I didn’t even try to finish a crappy historical-fantasy called The Blind Knight. So many things wrong. Just as an example: throughout the book (set in the late 1100’s), people who would actually be speaking Norman French are translated into a bad attempt at Elizabethan English. How bad? They keep saying “whyfore”, by which I believe the author meant “wherefore”.
Possibly the Winter of the World trilogy by Michael Scott Rohan. It starts with The Anvil of Ice
I’ll vote for Red Mars as well. I started that damn book three times over the space of a year and gave up each time after 4 or 5 chapters because it was so badly written.
Okay, I’d accuse of you of coming in this thread just to annoy me, but that would make me a paranoid, narcissitic :wally, so I won’t.
I feel your pain.
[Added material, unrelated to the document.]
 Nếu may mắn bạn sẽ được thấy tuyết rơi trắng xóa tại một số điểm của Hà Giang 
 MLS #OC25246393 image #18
Reading that sentence was almost enough to make me throw my monitor across the room.
I recently finished reading a Phillipa Gregory novel, The Virgin Earth, set mostly in colonial Virginia for a book review. The heroine was a feisty Powhatan maiden… named Suckahanna.
Sums it all up, really. 
I’m glad to see that The Fountainhead has been tossed out at least twice.
Bridges of Madison County. I kept waiting for it to get good. Usually, if I don’t like a book, I’ll just set it down, and never go back, but after completing this book, I just wanted my two hours back.
Bottom line: Cheating on you spouse is not romantic, no matter with whom you cheat.
It seems to be so, if the cheater is female, but not if the cheater is male. Note Titanic where the “heroine” cheats on her Fiance, and as you brought up Bridges, where the wife cheats on her husband- a husband who is a good dutiful spouse too.
Oh, God, I just finished reading that book too.
I swear, if anything ever deserved to be thrown across the room. The book is about 200 or 300 pages of maybe-interesting plot–buried in 600 pages of text.
I didn’t think this was all that bad, but there was an odd reference in the beginning by whomever the chief Hoo Ha to a disease ( Reynaud’s, I beleive) that I am pretty sure had nothing to do with the situation the people were in at all. IIRC.
I’ll admit with some shame that I’ve never read any Vonnegut. He’s one I keep intending to check out but somehow never quite manage it. Anyway, there are ways for authors to insert themselves into text successfully and appropriately, and there are ways that simply make me want to track them down and punch them.
And while I am in here, I’ve got to second The Lovely Bones. Most of the book was well-written, gut-wrenching and heartbreaking. And then the STUPID STUPID STUPID ending came and I was filled with rage. Unforgivable.